Consider I have $S$ elements $1,\ldots,3000$.
And $30,000$ $3-sets$ in $C$.
(eg.$C = [[1,2,3],[4,5,6]\ldots]] 29,998 \text{ more to go}$)
This I find really strange. A solution has $\operatorname{length}S/3$ units. Our solution must have $1000$ 3-element units from $C$.
$1000/30,000$ odds is $1/30$ odds.
Since Exact Three Cover is NP-complete it isn't expected to take $1/\operatorname{length}(C)$ odds to find a solution assuming one exists. (That would be a very practical probabilistic algorithm)
Question
If my math is correct, that there are an essential $1/30$ odds of randomly selecting a correct solution, then why does it still take exponential time?
Is my math wrong?
You would be right if there were only 30 ways to choose 1,000 sets of 3 out of 30,000 items.
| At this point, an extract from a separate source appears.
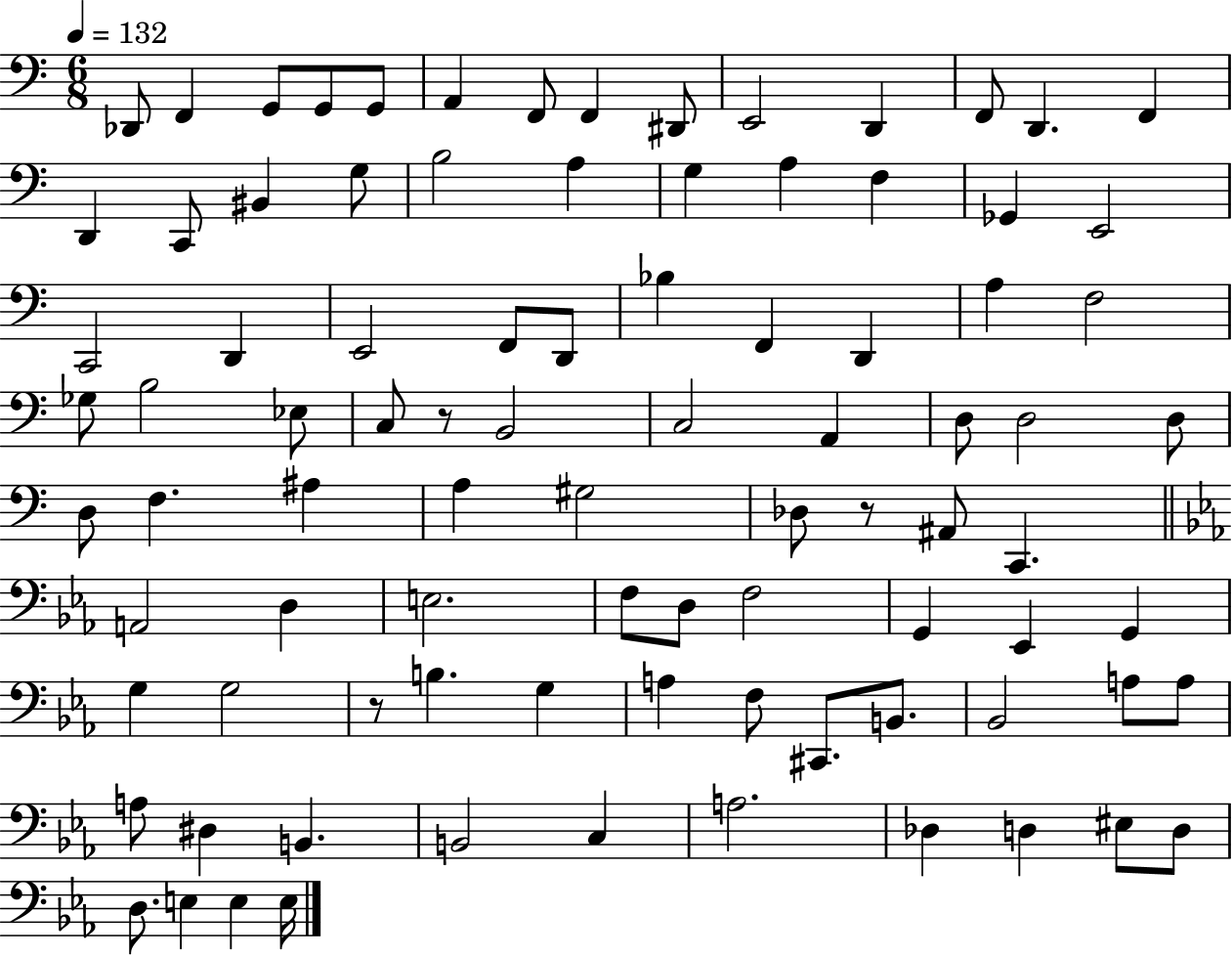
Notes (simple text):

Db2/e F2/q G2/e G2/e G2/e A2/q F2/e F2/q D#2/e E2/h D2/q F2/e D2/q. F2/q D2/q C2/e BIS2/q G3/e B3/h A3/q G3/q A3/q F3/q Gb2/q E2/h C2/h D2/q E2/h F2/e D2/e Bb3/q F2/q D2/q A3/q F3/h Gb3/e B3/h Eb3/e C3/e R/e B2/h C3/h A2/q D3/e D3/h D3/e D3/e F3/q. A#3/q A3/q G#3/h Db3/e R/e A#2/e C2/q. A2/h D3/q E3/h. F3/e D3/e F3/h G2/q Eb2/q G2/q G3/q G3/h R/e B3/q. G3/q A3/q F3/e C#2/e. B2/e. Bb2/h A3/e A3/e A3/e D#3/q B2/q. B2/h C3/q A3/h. Db3/q D3/q EIS3/e D3/e D3/e. E3/q E3/q E3/s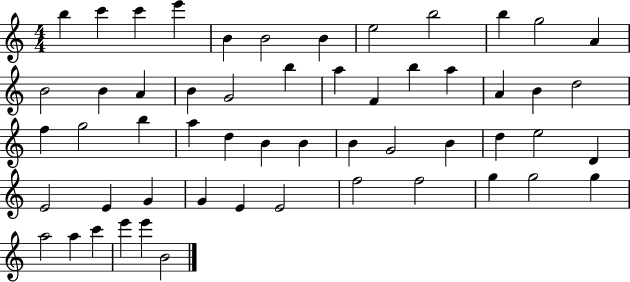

But the real number of possible choices is computed by this formula
$$ \dfrac{n!}{(n-r)!} $$
where $n$ is 30,000 and $r$ is 1,000. That is 30,000 times 29,999 times 29,998 times ... times 29,001. I don't know the exact value of this number, but it can't be any smaller than $29,000^{1000}$ and that number has over 4500 digits. So the probability of guessing a correct solution is nowhere near 1/30.
A refresher on permutations and combinations is probably in order.